The west of Ireland, so marked by cliffs like the ones above,
seems to be proclaiming,
"Ireland ends here, not in a submissive slope, but
in a defiant and sharp precipice."
Nov. 21, 2002
From Dun Beg our
next stop was the clochans. Scattered all round Dingle,
clochans were little stone dwellings that looked like igloos,
round and tapered on the outside and square on the inside,
that served as houses for inhabitants of the peninsula, from
the Celts to the Christian monks who found in Dingle a
remote-enough place to live.
This particular
group consisted of five clochans, including a double one, in
various states of preservation. Two still had their roofs, and
we were able to test their effectiveness as rain started to
fall and we ran into one of them. While the wind blew outside,
inside the clochan only the hint of a breeze was felt, water
did not seep in except whatever blew in through the door
(which would have been covered with a skin or something,
and the temperature was noticeably warmer than outside; a cap
stone and a small fire, and this clochan could go on the
market as a "rustic" dwelling.

Yvette
inside a clochan. Yvette is in the back room of
the clochan,
while Danny took the picture from the front room.
Nov. 21, 2002

Danny
inside a clochan (note the mud
stain on the left leg from when
he fell back in Dun Beg).
Nov. 21, 2002
We continued with
our trip, headed towards Slea Head, but we had to stop for
this shot. Dingle, and the area of Kerry in general, was one
of the hardest hit areas during the famine.

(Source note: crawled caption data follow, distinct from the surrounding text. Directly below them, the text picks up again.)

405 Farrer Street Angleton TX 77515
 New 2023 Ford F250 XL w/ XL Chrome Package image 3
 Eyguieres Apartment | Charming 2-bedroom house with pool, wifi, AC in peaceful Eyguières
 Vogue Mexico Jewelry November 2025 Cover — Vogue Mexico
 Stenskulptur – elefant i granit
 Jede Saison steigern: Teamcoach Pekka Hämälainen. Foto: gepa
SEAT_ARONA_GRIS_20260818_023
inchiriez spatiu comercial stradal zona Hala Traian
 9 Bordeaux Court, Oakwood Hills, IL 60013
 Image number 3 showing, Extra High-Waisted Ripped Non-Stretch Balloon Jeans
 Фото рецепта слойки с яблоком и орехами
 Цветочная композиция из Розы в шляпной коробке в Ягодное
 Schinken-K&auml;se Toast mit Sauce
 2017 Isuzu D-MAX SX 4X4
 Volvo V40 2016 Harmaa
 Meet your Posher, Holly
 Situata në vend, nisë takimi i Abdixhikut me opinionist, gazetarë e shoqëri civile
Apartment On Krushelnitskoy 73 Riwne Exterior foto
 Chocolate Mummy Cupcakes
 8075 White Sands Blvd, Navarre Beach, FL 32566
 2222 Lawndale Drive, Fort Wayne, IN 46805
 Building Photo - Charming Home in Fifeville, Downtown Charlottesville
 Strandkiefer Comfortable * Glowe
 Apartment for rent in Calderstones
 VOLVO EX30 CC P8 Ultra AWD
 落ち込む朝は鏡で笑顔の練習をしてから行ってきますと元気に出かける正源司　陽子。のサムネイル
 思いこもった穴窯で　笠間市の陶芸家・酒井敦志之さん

Dozens of ruined
"famine" cottages dot the fields, mute witnesses to
a horrible time in the history of this beautiful land. Note in
the picture below the small size of the windows (mostly
boarded) for the house; families during this time were taxed
based on the size of their windows, so that families reduced
them to the smallest possible size in order to conserve what
little money they had. The ruins provide yet one more piece to
the tapestry of great highs and great lows that is
Ireland.

The ruins
of a famine house. The barren hill behind has
been like that
since the potato crop failed and the famine began;
up close one can
see the rows of rotted potatoes still in the ground.
Nov. 21, 2002
We finally arrived
at Slea Head, an observation point marked by a pullout, a
giant crucifix (right behind us in the picture below) and a
great view of the coast and Blasket Islands. Not quite the
westernmost point in Dingle, it is nonetheless impressive. The
waves were pounding in with amazing force, leaving a white
foam that lingered, solidified, like a welcoming carpet. The
mist shoots up like from a volcano, giving the whole area a
hazy quality that makes you not doubt any story of faeries or
selkies you may hear.

Yvette at
the observation point at Slea Head
(yes, it was that cold and
windy!).
The Great Blasket Island looms in the
back.
Nov. 21, 2002
The Blasket Islands
are the last refuge of a traditional way of life virtually
unknown in Ireland today. While the inhabitants were expelled
from the island in the early part of the 20th century, some
have returned and currently seek to go back to their
traditional way of life. While in Dingle, be sure to pick up
some of the books on stories from the Blasket Islands; it is
Irish storytelling at its finest (see the Links
section for more info).

A
reflected rainbow at Dunquin Harbor.
Nov. 21, 2002
From Slea Head we
continued on our tour, passing by Dunquin Harbor and Dunmore
Head (the actual westernmost point in Ireland, and Europe),
and snapping the picture above. Rainbows in Dingle are free
and come by the dozens, appearing all around as if playing
"peek-a-boo" with you. Once in a while, however,
you'll manage to catch one nice enough to let itself be
photographed.
I can certainly see
how this land snatched so many traveler's hearts, and keeps
them coming back for more.
Next: Dingle, next page (3)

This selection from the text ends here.